Im Jahre 1901/02 folgten unter Franz Schurig d. J. erneute Umbauarbeiten am Waldkater, bei denen die Gaststätte im Wesentlichen ihr heutiges Aussehen erhielt. Franz Schurig d. J. war 1870 im Waldkater geboren. Seit 1898 war er mit Luise Schurig, geborene Arnicke, verheiratet. Gemeinsam betrieben sie den Waldkater, insbesondere nach dem Tod des Begründers Franz Schurig d. Ä. im Jahre 1902. 1910 entstand die Veranda an der Straße, die man Ende der zwanziger Jahre zu einem Café mit eigener Konditorei ausbaute. Am 23. August 1906 verstarb Franz Schurig d. J. Seine Frau übernahm die Gaststätte und erwarb sie 1909 von der Stadt Halle. Somit war das Grundstück mit den Bebauungen nach 62 Jahren der Pacht nun Eigentum der Familie Schurig.


Während des Ersten Weltkrieges hatte der Waldkater mit Einschränkungen des Betriebes und Besucherrückgang zu kämpfen. Nach 1918 gelang es den Schurigs jedoch sehr schnell, den altgewohnten Betrieb wieder aufzunehmen. Seit 1922 fanden regelmäßig Konzerte, Tanzabende, im Sommer im Garten, im Winter im großen Saal, statt. Von 1926 bis 1935 verfügte der Waldkater sogar über eine eigene Kapelle. Als am 1. Juni 1927 die Straßenbahn über den Hettstedter Bahnhof (heute Mansfelder Straße) und den Weinberg bis an den Heiderand geführt wurde, konnte der Waldkater nun mühelos erreicht werden. Mit 3 000 Sitzplätzen im Garten und 1 200 Plätzen im Saal und in den Gastzimmern stellte sich die Familie Schurig auf den ununterbrochenen Zustrom der Hallenser ein. Nach dem Zweiten Weltkrieg konnte der Waldkater an seinen früheren Erfolg nicht mehr anknüpfen. Der große Saal wurde bis 1948 zum Unterrichtsraum der Kröllwitzschule. Seit den fünfziger Jahren bis 1989 diente er der "HO Obst und Gemüse" als Lagerhalle. Die anderen Gebäude des Waldkaters standen der gastronomischen Nutzung durch die Familie Schurig zur Verfügung. Ab 1955 beherbergte der Waldkater das Heidemuseum, welches noch vor der Wiedervereinigung 1989 verlegt wurde.

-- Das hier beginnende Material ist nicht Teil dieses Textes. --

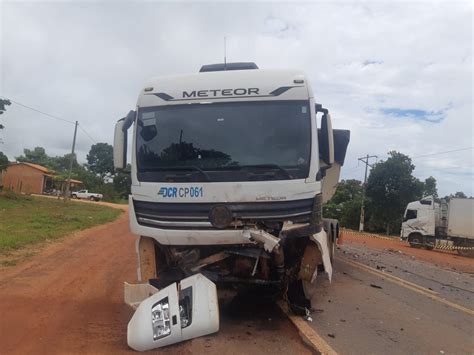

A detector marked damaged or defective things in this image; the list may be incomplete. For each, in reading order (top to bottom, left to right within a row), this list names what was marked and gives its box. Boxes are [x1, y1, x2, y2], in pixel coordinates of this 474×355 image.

detached bumper piece [128, 274, 220, 352]
damaged white truck [114, 62, 350, 350]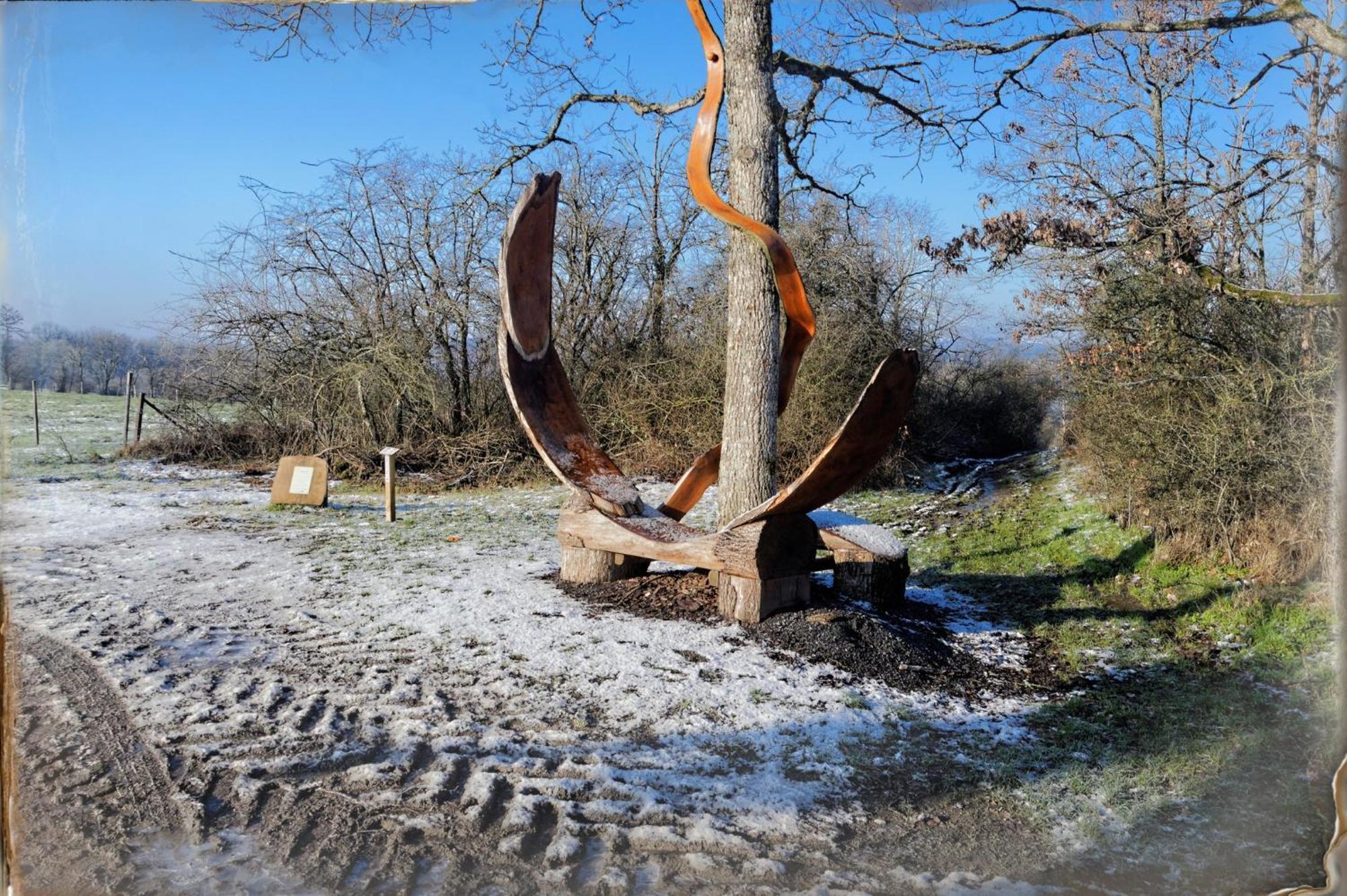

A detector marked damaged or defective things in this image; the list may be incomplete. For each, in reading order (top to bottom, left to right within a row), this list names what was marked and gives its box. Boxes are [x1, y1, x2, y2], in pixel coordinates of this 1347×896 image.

rusty metal element [655, 0, 814, 520]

Zwischen Herbst 1968 und Februar 1969 fanden umfangreiche Renovierungsarbeiten statt. Im Zuge dieser Arbeiten wurde der 200 Gäste fassende Saal modernisiert und eine Zentralheizung eingebaut. Nach der Wiedereröffnung leitete das Ehepaar Dieter und Karin Schurig - inzwischen die vierte Generation der Schurigs - das Lokal. Bis 1989 stellten sie es den HO-Gaststätten zur Verfügung, die verschiedene Betreiber einsetzten. Im Jahr 1992 verkaufte Dieter Schurig den Waldkater an einen Bauunternehmer, der einen neuen Betreiber einsetzte. Noch im selben Jahr erfolgten umfangreiche Umbau- und Modernisierungsarbeiten, die Nobeldiskothek "Phantasie" wurde eröffnet. Mit der Auflösung der Firma des neuen Betreibers schloss sie 1997 wieder.

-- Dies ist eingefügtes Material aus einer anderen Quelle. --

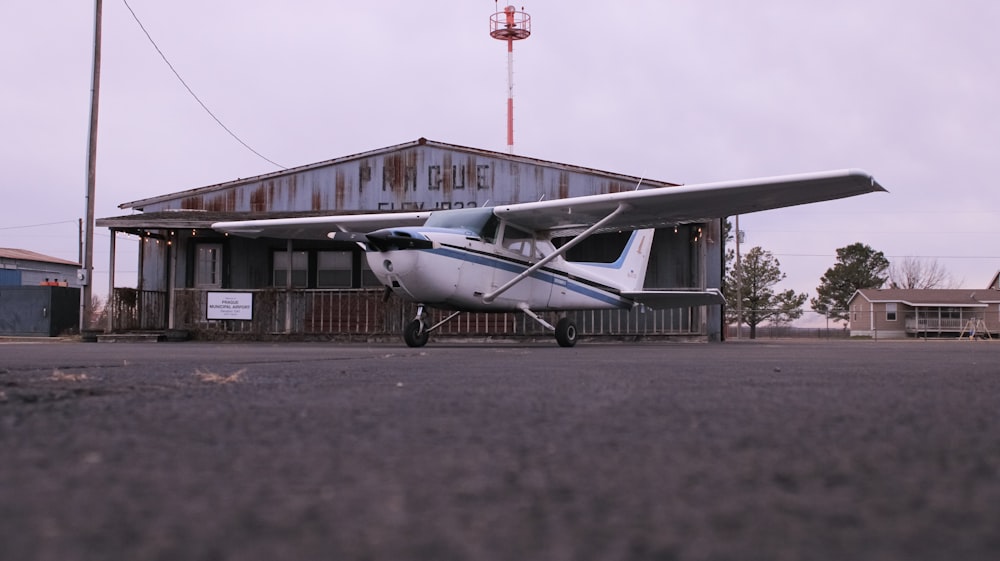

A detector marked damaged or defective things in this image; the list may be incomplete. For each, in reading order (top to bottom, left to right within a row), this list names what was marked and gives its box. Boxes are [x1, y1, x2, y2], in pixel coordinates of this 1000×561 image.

rusty metal roof [0, 248, 79, 266]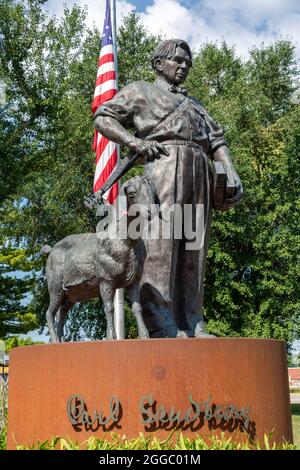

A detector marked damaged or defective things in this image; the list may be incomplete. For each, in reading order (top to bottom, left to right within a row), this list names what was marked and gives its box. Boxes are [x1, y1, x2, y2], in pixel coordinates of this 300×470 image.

rusty corten steel [7, 338, 292, 448]
rusted metal pedestal [7, 338, 292, 448]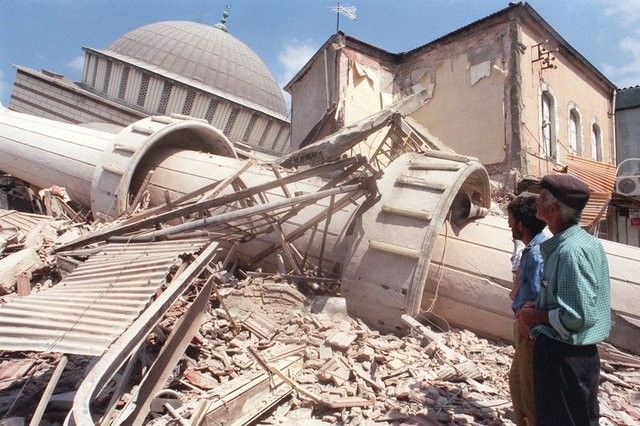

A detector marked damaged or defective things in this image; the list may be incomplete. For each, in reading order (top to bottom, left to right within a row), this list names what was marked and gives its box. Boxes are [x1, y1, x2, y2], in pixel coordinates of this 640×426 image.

damaged building wall [516, 17, 616, 178]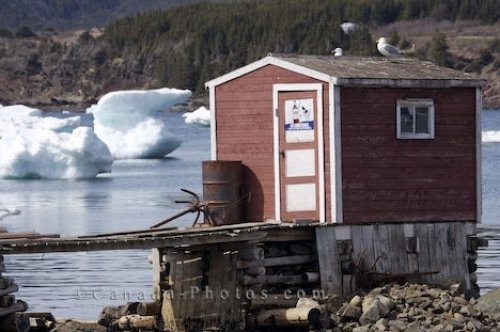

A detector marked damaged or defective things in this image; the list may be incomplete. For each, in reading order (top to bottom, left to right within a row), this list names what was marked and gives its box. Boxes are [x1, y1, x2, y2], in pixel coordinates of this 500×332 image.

rusty barrel [202, 161, 243, 226]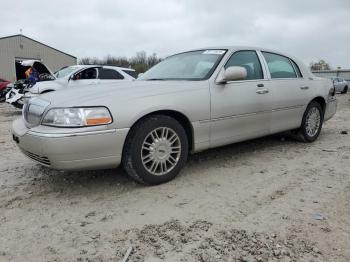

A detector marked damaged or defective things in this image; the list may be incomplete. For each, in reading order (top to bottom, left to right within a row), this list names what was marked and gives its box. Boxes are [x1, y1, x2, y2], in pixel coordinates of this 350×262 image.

wrecked car [12, 46, 338, 185]
damaged car [12, 47, 338, 185]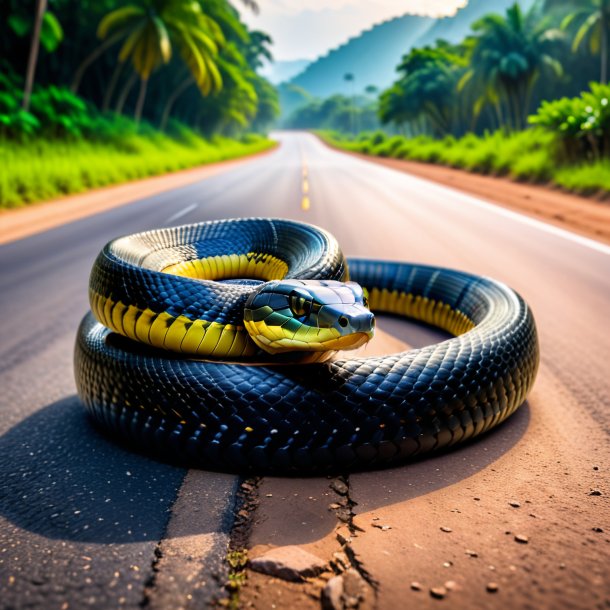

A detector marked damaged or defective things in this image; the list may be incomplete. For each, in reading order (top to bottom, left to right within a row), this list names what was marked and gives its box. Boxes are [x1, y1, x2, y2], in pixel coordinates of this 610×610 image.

cracked asphalt road [0, 134, 604, 608]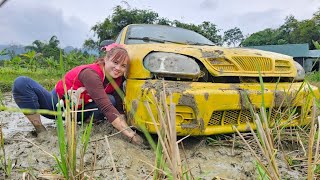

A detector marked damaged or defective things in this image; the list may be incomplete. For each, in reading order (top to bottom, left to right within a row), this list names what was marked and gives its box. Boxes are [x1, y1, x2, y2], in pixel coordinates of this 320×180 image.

broken headlight [144, 51, 200, 79]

Seit dem Jahr 2000 wird die Gaststätte von der Waldkater GmbH und Co. KG betrieben, welche auch die Diskothek Phantasie wieder eröffnete und nun an jeden Samstag die allseits beliebte Ü30 Nachtschwärmerfete stattfindet. Mit verschiedenen Veranstaltungen für alle Altersklassen und dem liebevollen betreiben der Gaststätte ist der Waldkater wieder zu einem bevorzugten Ausflugslokal am Rande der Heide geworden. Gaststätte, Jägerzimmer und Biergarten erfreuen sich größter Beliebtheit bei Hochzeiten, Firmenfeiern und Geburtstagen.